The Commons Lab at the Wilson Center is releasing two new reports today that address different challenges facing citizen science: One examining the policy implications of a range of successful citizen science projects in Europe, and the other exploring potential legal issues surrounding intellectual property (IP). Hard copies of these reports will be available at the inaugural conference of the Citizen Science Association, which begins Feb. 11, 2015 at the San Jose Convention Center in San Jose, CA.

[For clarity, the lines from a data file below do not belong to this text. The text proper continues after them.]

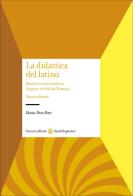 La didattica del latino. Perché e come studiare lingua e civiltà dei romani di Maria-Pace Pieri edito da Carocci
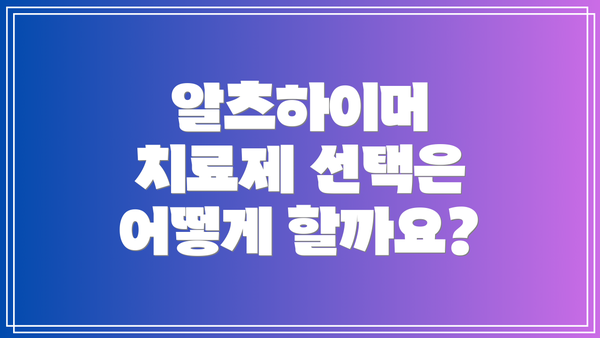 알츠하이머 치료제 선택은 어떻게 할까요?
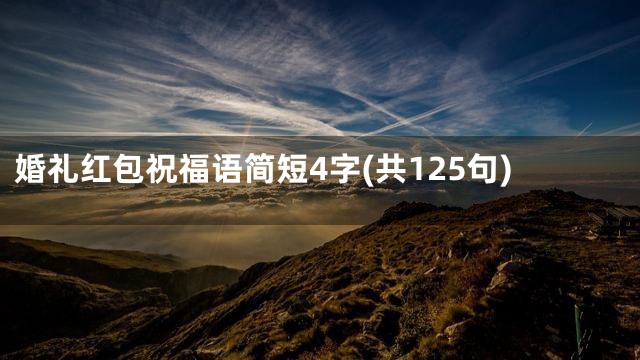 婚礼红包祝福语简短4字(共125句)
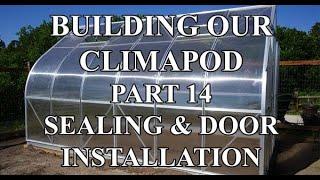 Climapod Part 14 Sealing and Door Installation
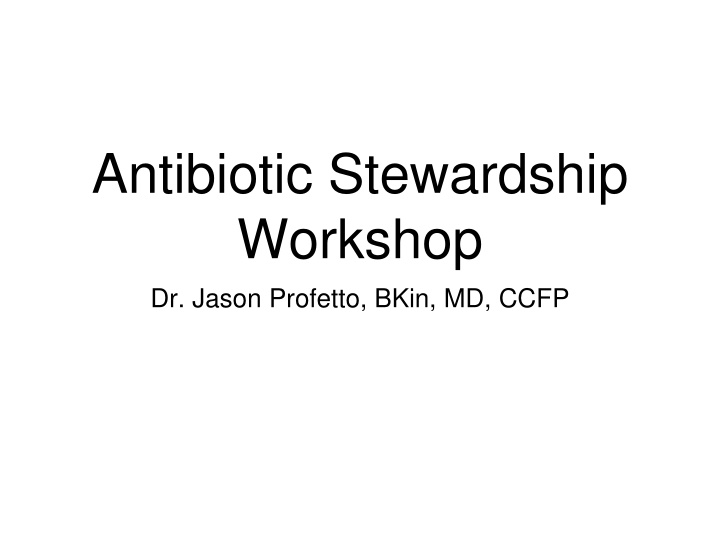 Antibiotic Stewardship Workshop by Dr. Jason Profetto
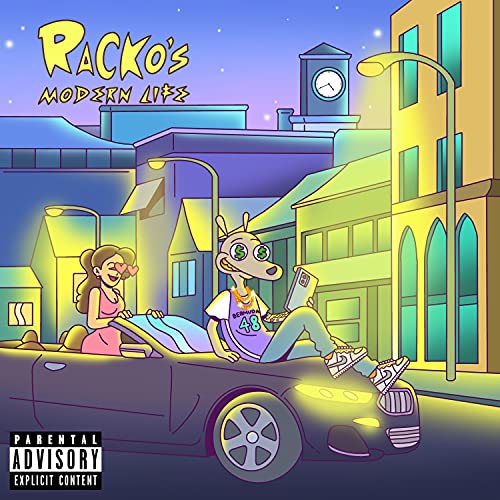 Racko's Modern Life (feat. Dant$) [Explicit]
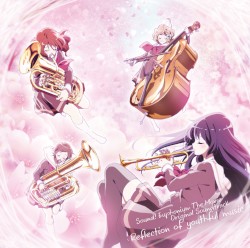 『劇場版 響け!ユーフォニアム〜北宇治高校吹奏楽部へようこそ〜』オリジナルサウンドトラック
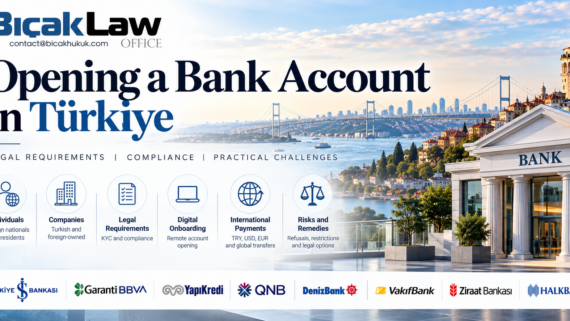 Opening bank account Türkiye to ensure smooth functioning and facilitate transactions legal assistance law banking lawyer attorney money firm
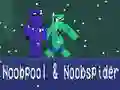 Spiel Noobpool und NoobSpider Online Spiel Noobpool und NoobSpider Online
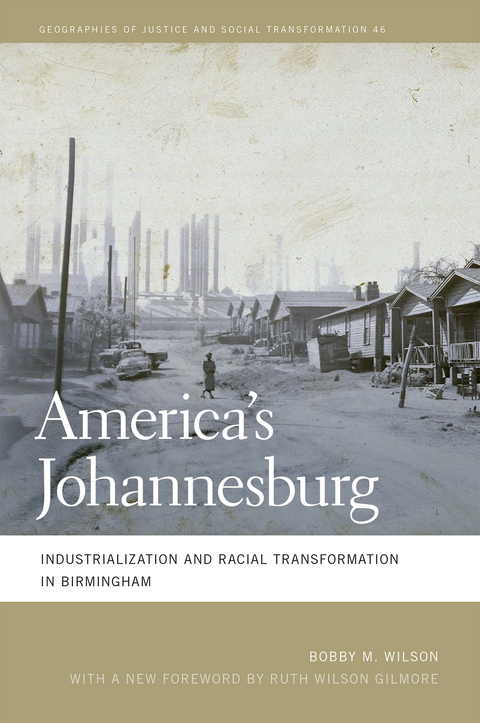 America's Johannesburg - Bobby M. Wilson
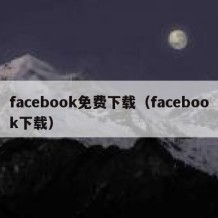 facebook免费下载（facebook下载）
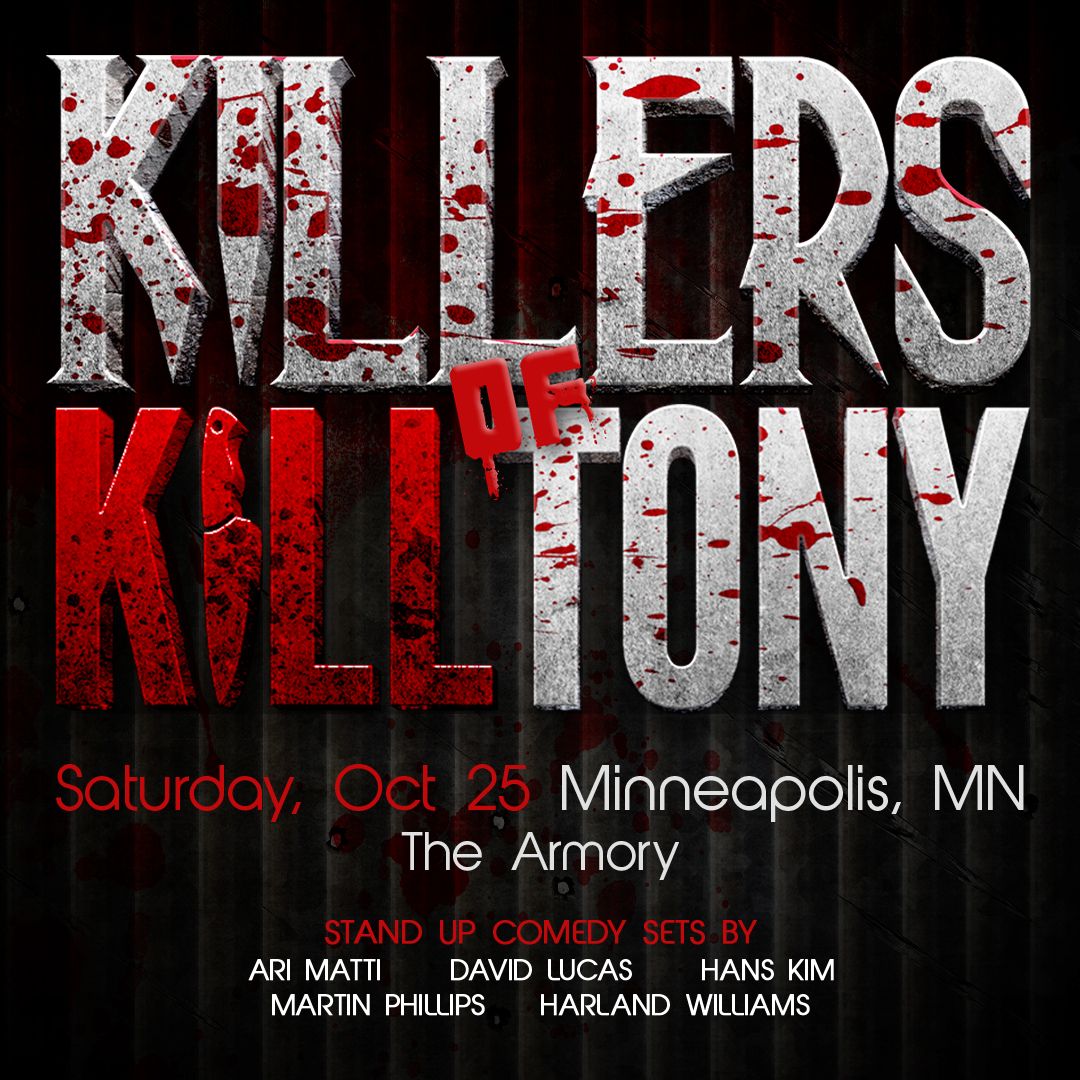 Killers of K*ll Tony: Ari Matti  David Lucas  Hans Kim & Martin Phillips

The first report, Citizen Science and Policy: A European Perspective, written by Dr. Muki Haklay of University College London, examines European citizen science projects to understand how they support or influence public policy (and how policy can support or constrain citizen science). The report includes suggestions for how projects can be better structured to support decision making and meet policy goals—for example, through strategic partnerships and by developing guidelines to facilitate the use of citizen science data. The report can be downloaded here: http://wilsoncenter.org/publication/citizen-science-and-policy-european-perspective
The second report, Typology of Citizen Science Projects from an Intellectual Property Perspective: Invention and Authorship between Researchers and Participants, written by Dr. Teresa Scassa and doctoral candidate Haewon Chung of the University of Ottawa Faculty of Law, analyzes various types of citizen science activities to determine whether they raise legal questions about IP ownership. The report includes a typology comparing the IP implications of different types of citizen science projects, from transcribing or gathering data to assisting with problem solving. The report can be downloaded here:
In addition to supporting the citizen science and crowdsourcing communities, these reports may be of use to government agencies looking to launch their own projects using these novel techniques.